I’d previously seen the Kofa National Wildlife Refuge on a map. Still, I never thought much about it before we headed out to western Arizona for a weekend under the stars and away from city life.
Situated south of Quartzite, between the I-10 and I-8 highways, the Kofa National Wildlife Refuge is a desolate yet beautiful place. Its sprawling desert is quickly upended by towering peaks, reaching nearly three thousand feet above the desert floor. In all, it’s about a two-and-a-half-hour drive from Phoenix, which is about the same if you’re looking to go camping in Flagstaff or on Mount Lemmon in Tucson.
Kofa National Wildlife Refuge
Camping in Kofa National Wildlife Refuge
You’re in a National Wildlife Refuge, so there are rules, but it’s also dispersed camping, so there aren’t rules.
Along the 10+ mile Palm Canyon road, there will be various pull-offs off the dirt road where you can set up your campsite. As you enter the official “refuge,” the road splits. Straight, and you’ll head toward Palm Canyon. Head left, and you’ll make your way to Kofa Queen Canyon. This has better views once you get far enough in, but the road is also trickier, and you’ll need, at worst, higher clearance and, at best, 4×4/AWD.
We kept going straight and snagged one of the closest sites to the mountain range. It was wonderful.
The only people we saw were the occasional car or truck driving by, but that was it. As I mentioned above, it was a nice break from city life.
Things to do in Kofa
There are plenty of things to do in the Kofa National Wildlife Refuge, but hiking and photography rise to the top.

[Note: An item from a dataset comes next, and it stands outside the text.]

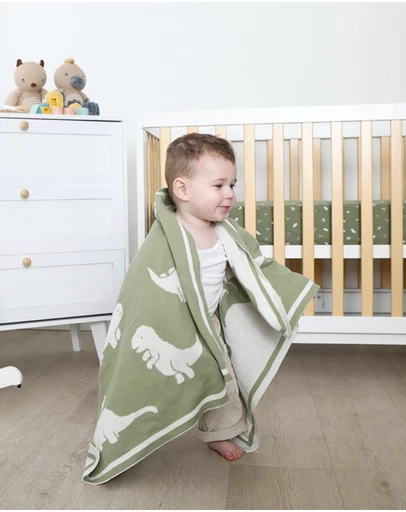Living Textiles - Pram Knitted Blanket - Dinosaur
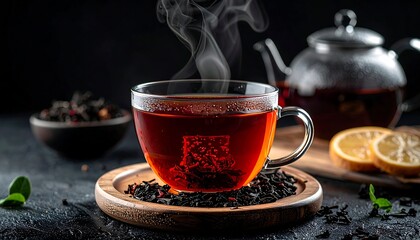 Hot black tea in a transparent cup with visible condensation and steam, set against a dark background with cinematic low-key lighting for a premium, dramatic drink stock aesthetic.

Hikes in Kofa National Wildlife Refuge
- Palm Canyon Trail is a short hike, maybe 1.5 miles round trip, which gets you into a lovely canyon. We didn’t do that this time around. Instead, on our first full day, we headed south around the mountain and enjoyed the nice weather and lovely scenery. This had a trail but not really, and was more meandering in the desert.
- Signal Peak is probably the main attraction for most who venture into Kofa. It gets you to the top of the range and gives you 360-degree views across Arizona. We also didn’t do this, but we did hike all the way to Skull Cave. If you have a high-clearance vehicle with a 4×4, you’ll be able to drive all the way to the Signal Peak trailhead. We didn’t have that luxury, so from where we parked, it was a 5-mile round-trip hike to Skull Cave. I’d estimate it was another mile walk to get to the trailhead.
- The Kofa Queen Canyon is remarkable and a photographer’s paradise. There are countless chollas, jagged peaks, and an endless display of wildflowers (if you get there at the right time).
I would be remiss to mention that it did POUR on us on night one, and the wind was pretty gnarly most of the weekend. But other than that, it was spectacular. It had been a while since I had camped – probably since backpacking in Colorado – and it was really nice to get the tent out again.
Before it gets too hot, I’d recommend finding your way out to Kofa and its lovely scenery.